Work instruction
Since pictures are not part of the copy, please output only the lines from the one with "thumbnail image 3" through the end of the data below, exactly as written.

***** Record set

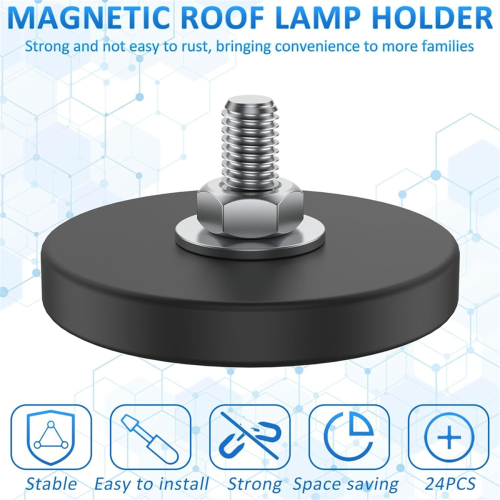 24 Pieces Rubber Coated Magnets Threaded Studs for Lighting 1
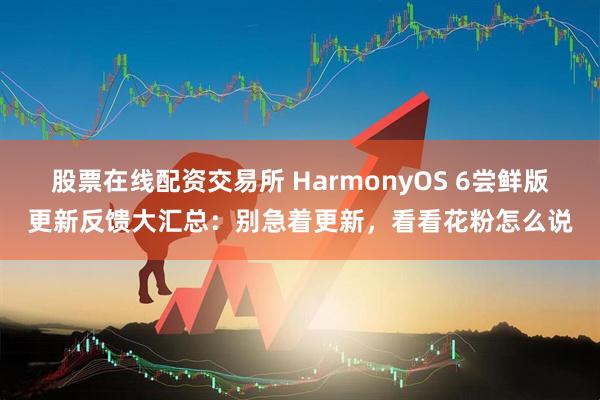 股票在线配资交易所 HarmonyOS 6尝鲜版更新反馈大汇总：别急着更新，看看花粉怎么说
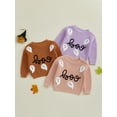 thumbnail image 3 of BemeyourBBs Girls Halloween Sweater Long Sleeve Letter Ghost Embroidery Knitwear, 3 of 9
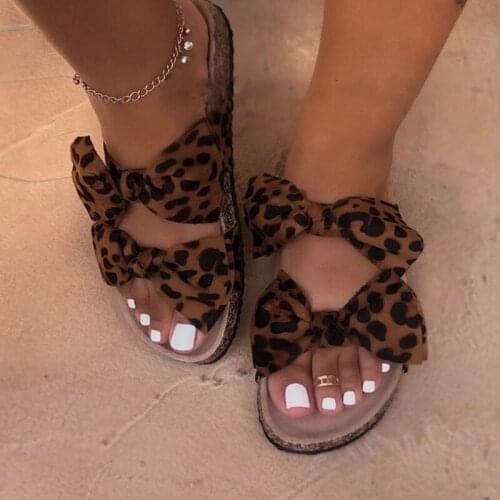 Women Sandals Shoes Flat Plus Size Bow-Knot Comfort Retro Anti-Slip Beach Shoes Platform Slide Ladies Zapatos Mujer 2020 Summer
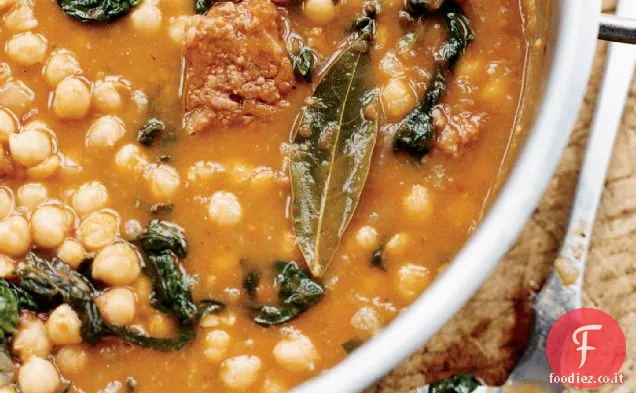Stufato di ceci con spinaci e Chorizo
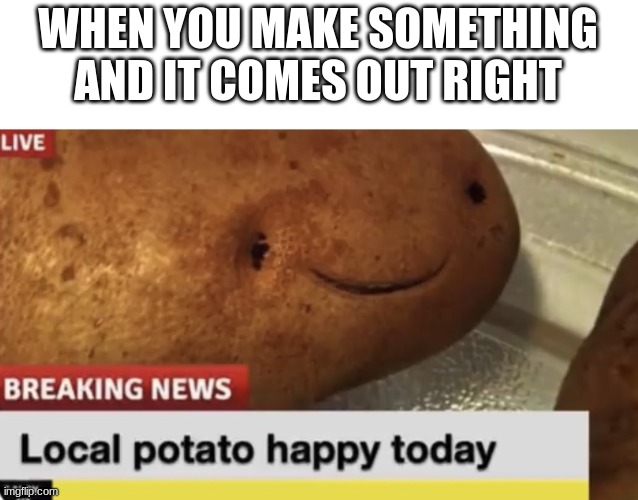 Local me happy | WHEN YOU MAKE SOMETHING AND IT COMES OUT RIGHT | image tagged in local potato happy today | made w/ Imgflip meme maker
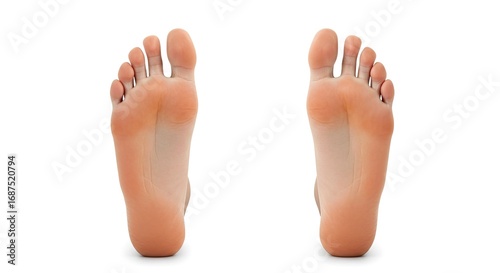 Two soles of human feet shown from below on a white background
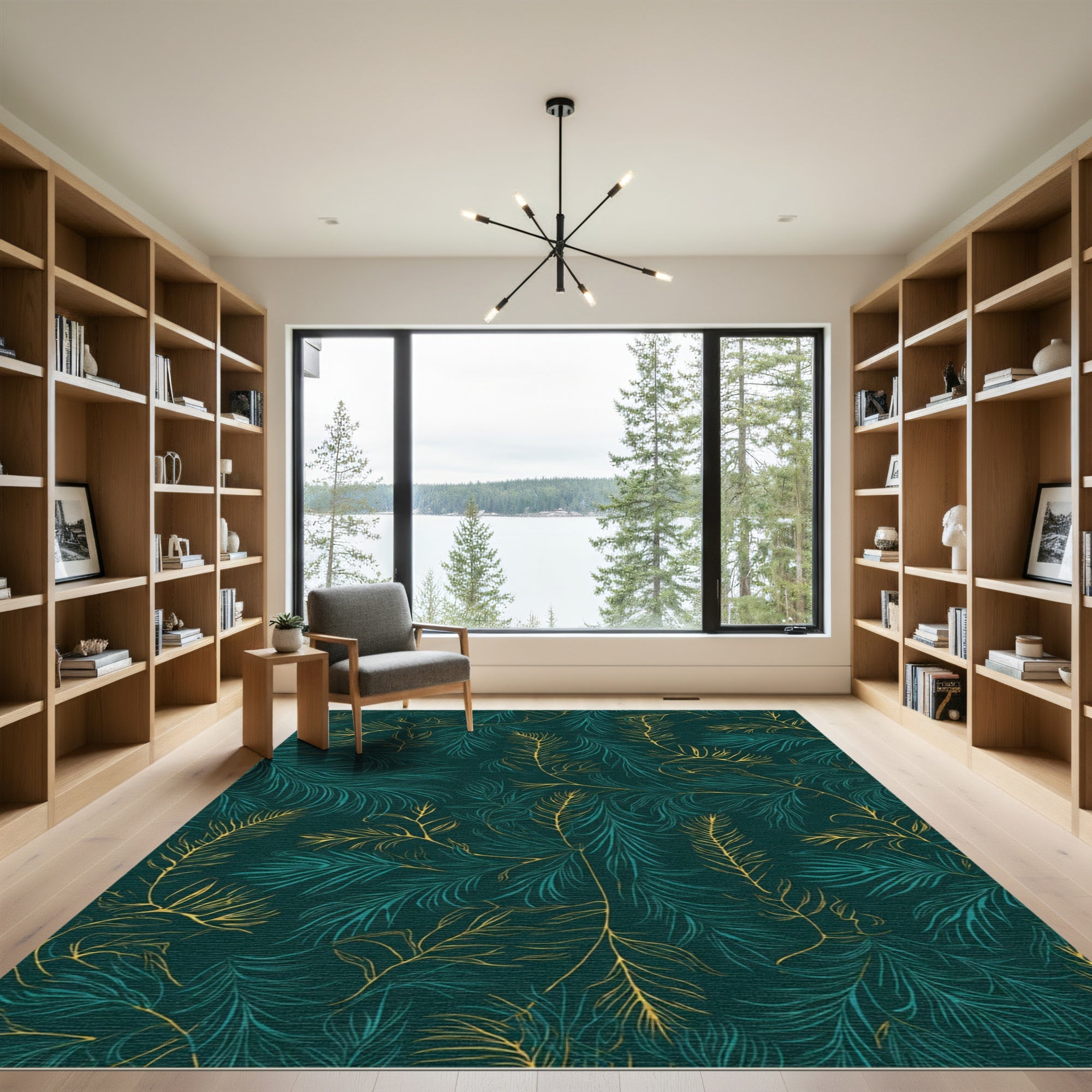 Deep Teal Golden Feathers Foliage Rug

**********

Response area
 thumbnail image 3 of BemeyourBBs Girls Halloween Sweater Long Sleeve Letter Ghost Embroidery Knitwear, 3 of 9
 Women Sandals Shoes Flat Plus Size Bow-Knot Comfort Retro Anti-Slip Beach Shoes Platform Slide Ladies Zapatos Mujer 2020 Summer
Stufato di ceci con spinaci e Chorizo
 Local me happy | WHEN YOU MAKE SOMETHING AND IT COMES OUT RIGHT | image tagged in local potato happy today | made w/ Imgflip meme maker
 Two soles of human feet shown from below on a white background
 Deep Teal Golden Feathers Foliage Rug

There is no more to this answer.